Poisson hyperplane processes and approximation of convex bodies

TL;DR

This paper investigates how well random polytopes generated by Poisson hyperplane processes approximate convex bodies, focusing on the convergence of certain geometric functionals as the process intensity increases.

Contribution

It analyzes the convergence behavior of the expected difference in functionals like hitting functional and mean width between the convex body and the random polytope as the hyperplane process intensity grows.

Findings

Convergence of the expected difference depends on the functional considered.

Order of convergence and limit relations are characterized for specific functionals.

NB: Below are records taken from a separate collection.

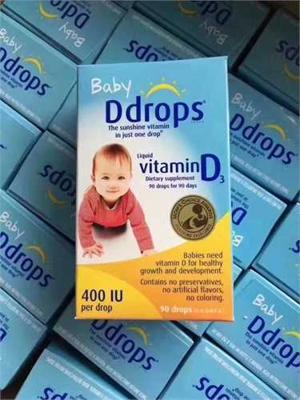 Vitamin Baby Ddrops D3 - Mỹ cho bé từ sơ sinh trở lên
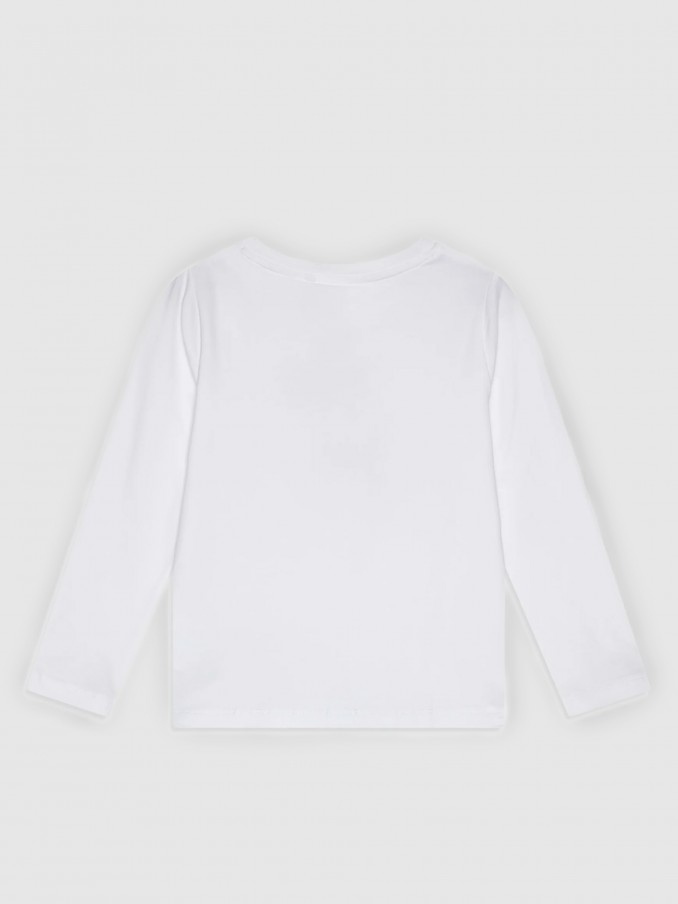Sueter Niña Blanco Name It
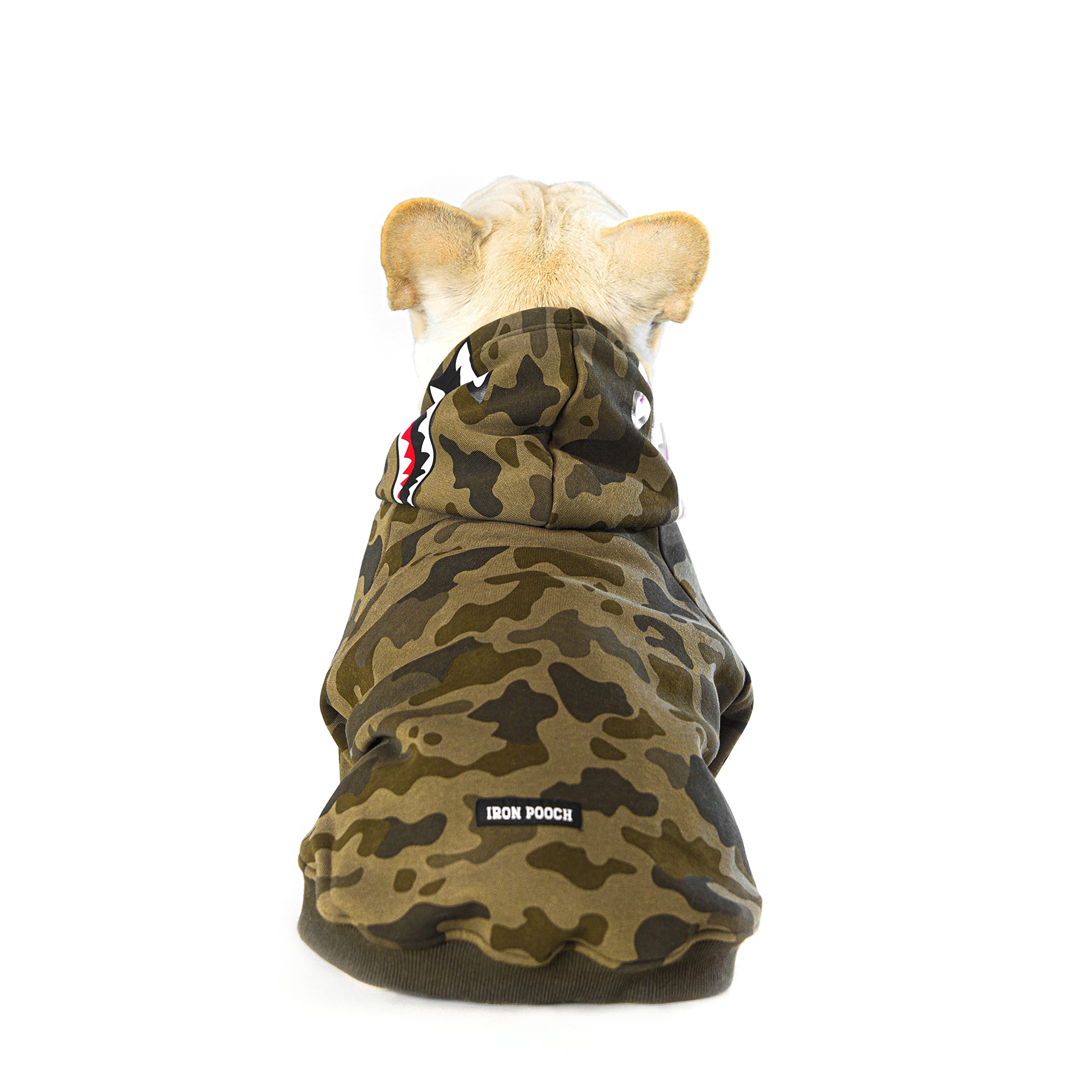 Sudadera con capucha para perro, ropa para perro con forro polar para perros pequeños, medianos y grandes (tiburón camuflaje, talla XXXL)
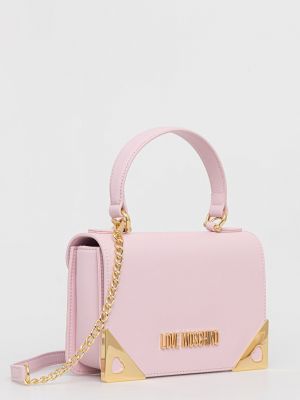 Рожева сумка через плече Love Moschino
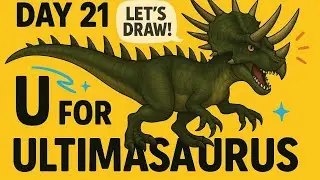 Easy Guide to Drawing a Ultimasaurus Hybrid Dinosaur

Results provide insights into the approximation quality of random polytopes by Poisson hyperplanes.

Abstract

A natural model for the approximation of a convex body $K$ in $\mathbb{R}^d$ by random polytopes is obtained as follows. Take a stationary Poisson hyperplane process in the space, and consider the random polytope $Z_K$ defined as the intersection of all closed halfspaces containing $K$ that are bounded by hyperplanes of the process not intersecting $K$. If $f$ is a functional on convex bodies, then for increasing intensities of the process, the expectation of the difference $f(Z_K)-f(K)$ may or may not converge to zero. If it does, then the order of convergence and possible limit relations are of interest. We study these questions if $f$ is either the hitting functional or the mean width.